Just because your company doesn’t have all the staff with a great information management system doesn’t mean you can’t take smaller, easy steps to protect your information.

"One hard drive backup is the first step a company can take without the resources of IT staff. However, it needs to go further.

Without a formal privacy plan, all hard work and content is at risk every day because it is not copied. It is easy to act to prevent this from happening, ”he said.

Small businesses should keep track of what large companies with IT workers are doing. Implement a termination policy.

This requires backing up multiple layers, often more than you think is necessary. Create cloud-based backups connected to external hard disk storage. They should be used at the same time, not as substitutes for each other, Zimmerman recommended.

"Managing the risks of natural disasters should start with listing all the data owned by the company. Backing everything up to external hard drives - given that they are kept outside - is an important part. If a disaster strikes and all data is kept in the office, then backups are useless," he offered.

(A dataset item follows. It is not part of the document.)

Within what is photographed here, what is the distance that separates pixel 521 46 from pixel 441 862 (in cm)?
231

One thing that should not be forgotten
Many organizations still don’t see the importance of developing a disaster recovery plan before a disaster strikes, despite the huge risk of losing information that could affect the company’s future, Zimmerman said. The most critical point in data recovery is proactivity.

"You don't want to have to confuse creating a data recovery plan after a disaster. The plan should serve as a roadmap that includes all the sources and locations of the data and who is responsible for it," he advises.

Assessing what to do and where to go after data loss can ruin a business model, a company’s reputation, and its ability to actually do business. It can damage existing relationships with customers and partners.

"Somehow protecting forget isn't usually an issue. Which companies regret it the most, it doesn't do regular restore testing of backup data and test disaster recovery plans. If companies aren't prepared, it prolongs downtime and in some cases leads to data loss," said Shawn Lubahn, Barracuda Networks' account manager, to  us.